▶ _Task requirements_
Without any pictures, print the lines below from the one that has "2. 事件处理主循环(配图)" through the one that has "船橋市習志野のカフェ「煉瓦か", exactly and nothing else.

▶ _Supplied data_

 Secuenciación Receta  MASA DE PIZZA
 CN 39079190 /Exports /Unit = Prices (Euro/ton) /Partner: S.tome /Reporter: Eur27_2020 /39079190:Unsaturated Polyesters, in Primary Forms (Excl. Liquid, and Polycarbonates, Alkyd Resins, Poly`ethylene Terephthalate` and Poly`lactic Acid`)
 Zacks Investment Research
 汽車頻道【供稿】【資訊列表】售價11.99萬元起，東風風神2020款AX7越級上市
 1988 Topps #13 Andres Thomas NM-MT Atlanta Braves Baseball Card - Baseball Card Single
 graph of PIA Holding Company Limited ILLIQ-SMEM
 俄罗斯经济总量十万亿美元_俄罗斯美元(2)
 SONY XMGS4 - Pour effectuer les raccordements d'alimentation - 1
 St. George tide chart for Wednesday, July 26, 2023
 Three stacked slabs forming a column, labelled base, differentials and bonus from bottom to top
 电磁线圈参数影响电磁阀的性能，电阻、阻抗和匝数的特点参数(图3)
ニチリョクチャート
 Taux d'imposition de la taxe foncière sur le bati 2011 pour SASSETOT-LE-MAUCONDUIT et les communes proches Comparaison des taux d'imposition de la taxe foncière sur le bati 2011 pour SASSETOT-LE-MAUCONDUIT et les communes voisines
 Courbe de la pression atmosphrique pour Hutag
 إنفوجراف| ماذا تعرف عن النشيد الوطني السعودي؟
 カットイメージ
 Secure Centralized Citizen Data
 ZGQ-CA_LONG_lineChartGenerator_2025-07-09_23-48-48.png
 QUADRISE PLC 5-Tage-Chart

---

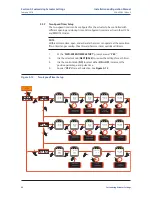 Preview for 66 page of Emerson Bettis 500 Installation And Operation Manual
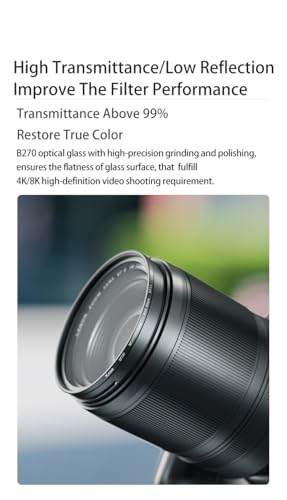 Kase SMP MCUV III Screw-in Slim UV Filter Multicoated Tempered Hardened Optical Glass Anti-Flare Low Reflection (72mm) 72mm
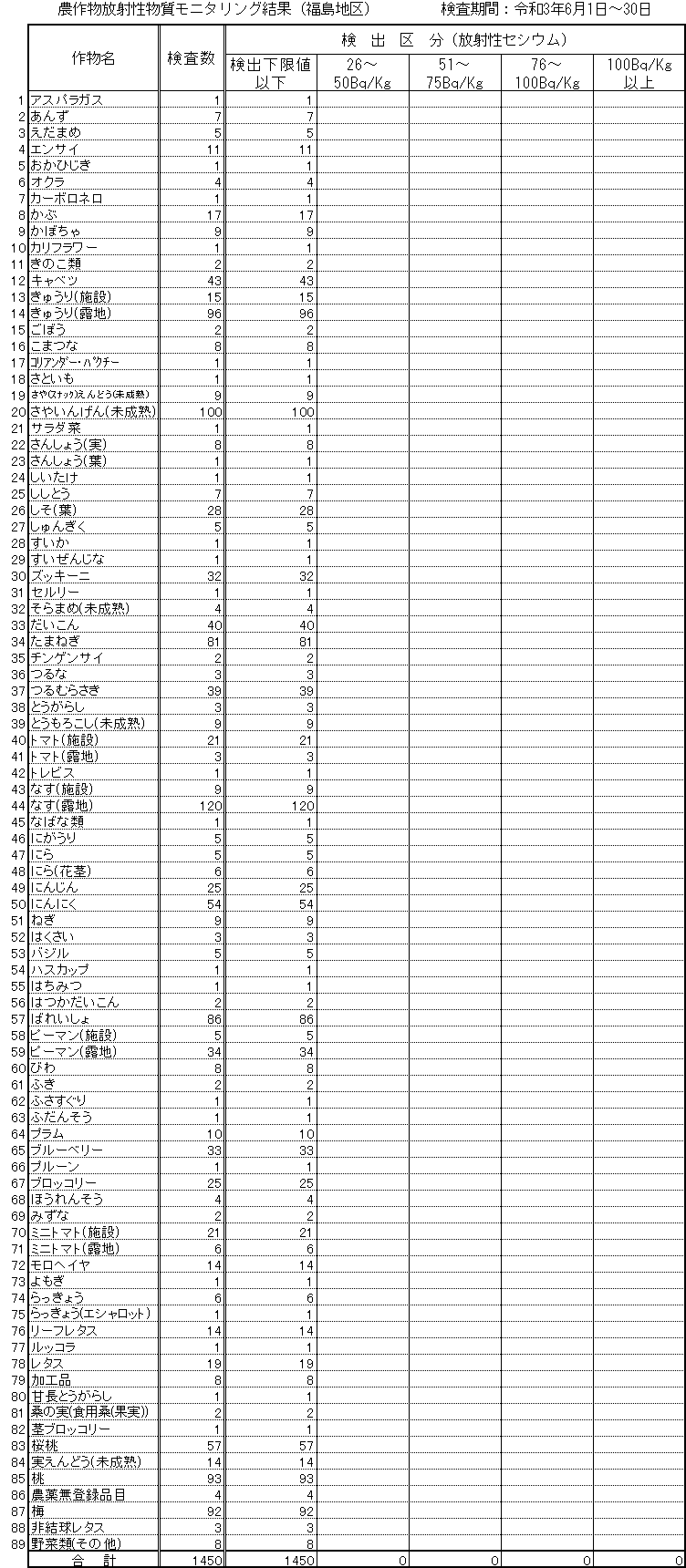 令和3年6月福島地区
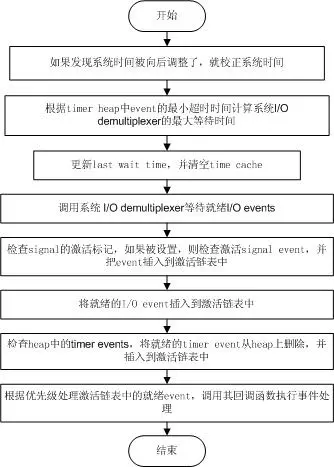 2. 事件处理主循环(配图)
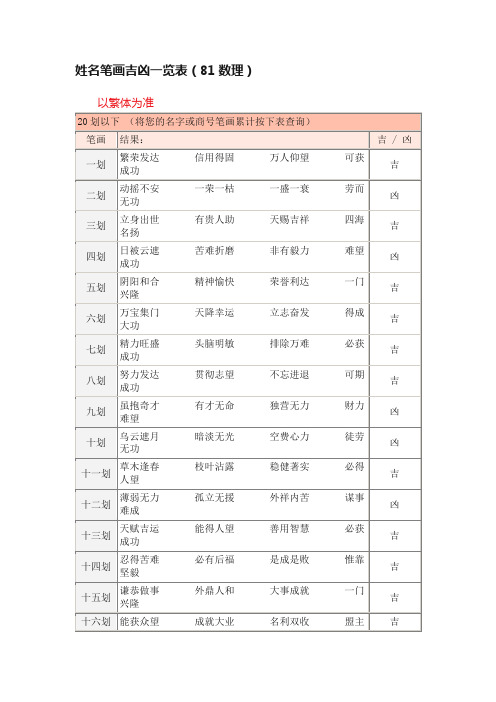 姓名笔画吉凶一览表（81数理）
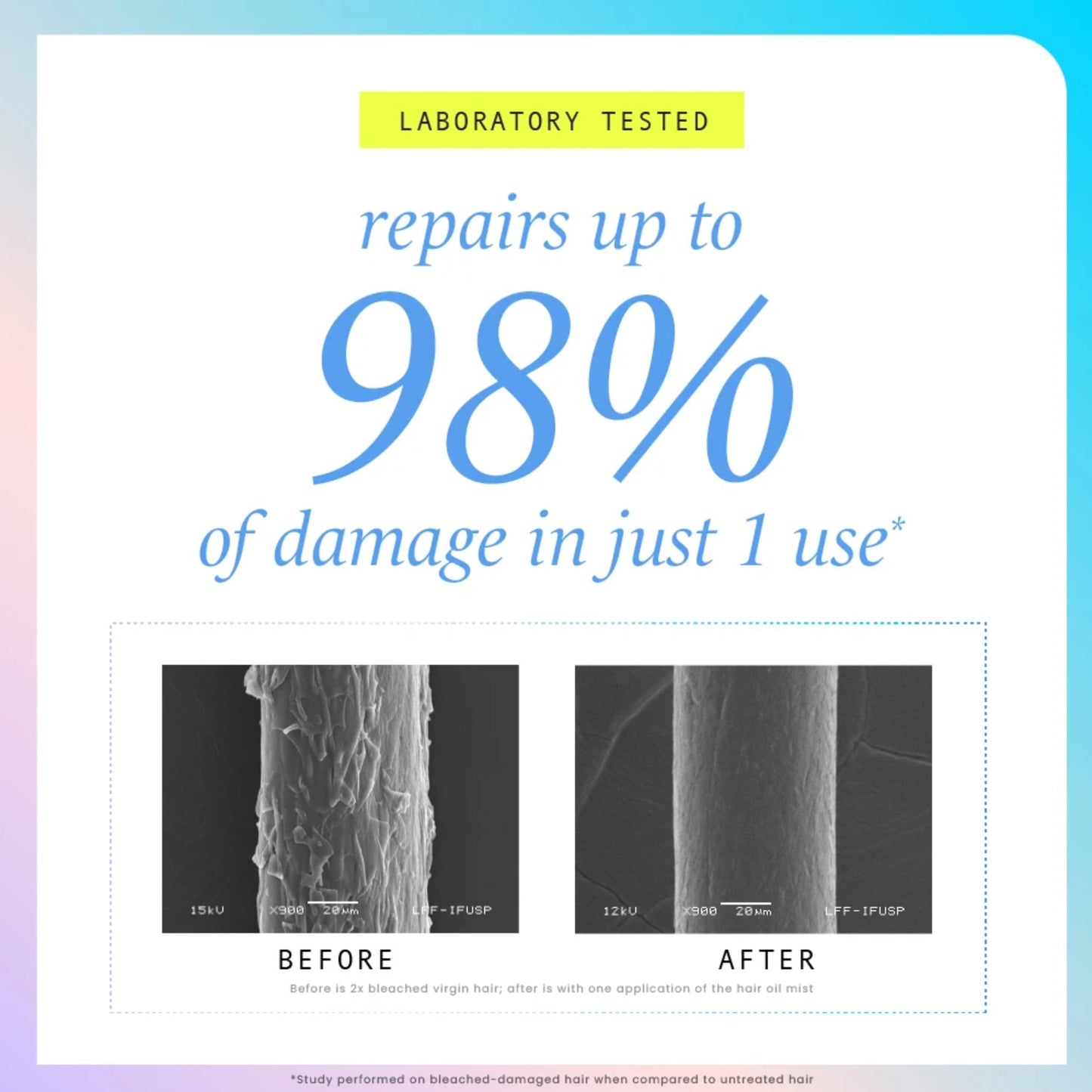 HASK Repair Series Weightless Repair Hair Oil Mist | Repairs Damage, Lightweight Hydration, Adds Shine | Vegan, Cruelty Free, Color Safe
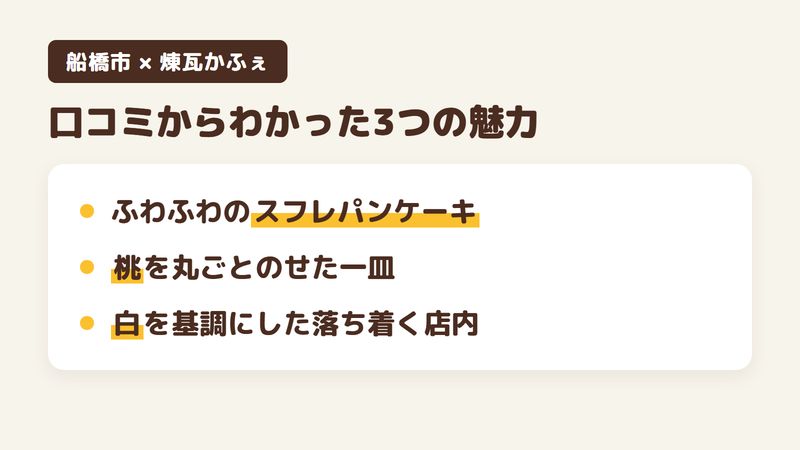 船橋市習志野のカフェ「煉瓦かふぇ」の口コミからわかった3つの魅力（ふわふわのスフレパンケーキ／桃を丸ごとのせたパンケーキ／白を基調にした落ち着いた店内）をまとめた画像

...

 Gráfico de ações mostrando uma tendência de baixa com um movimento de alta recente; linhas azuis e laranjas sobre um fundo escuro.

▶ _Your solution_
 2. 事件处理主循环(配图)
 姓名笔画吉凶一览表（81数理）
 HASK Repair Series Weightless Repair Hair Oil Mist | Repairs Damage, Lightweight Hydration, Adds Shine | Vegan, Cruelty Free, Color Safe
 船橋市習志野のカフェ「煉瓦かふぇ」の口コミからわかった3つの魅力（ふわふわのスフレパンケーキ／桃を丸ごとのせたパンケーキ／白を基調にした落ち着いた店内）をまとめた画像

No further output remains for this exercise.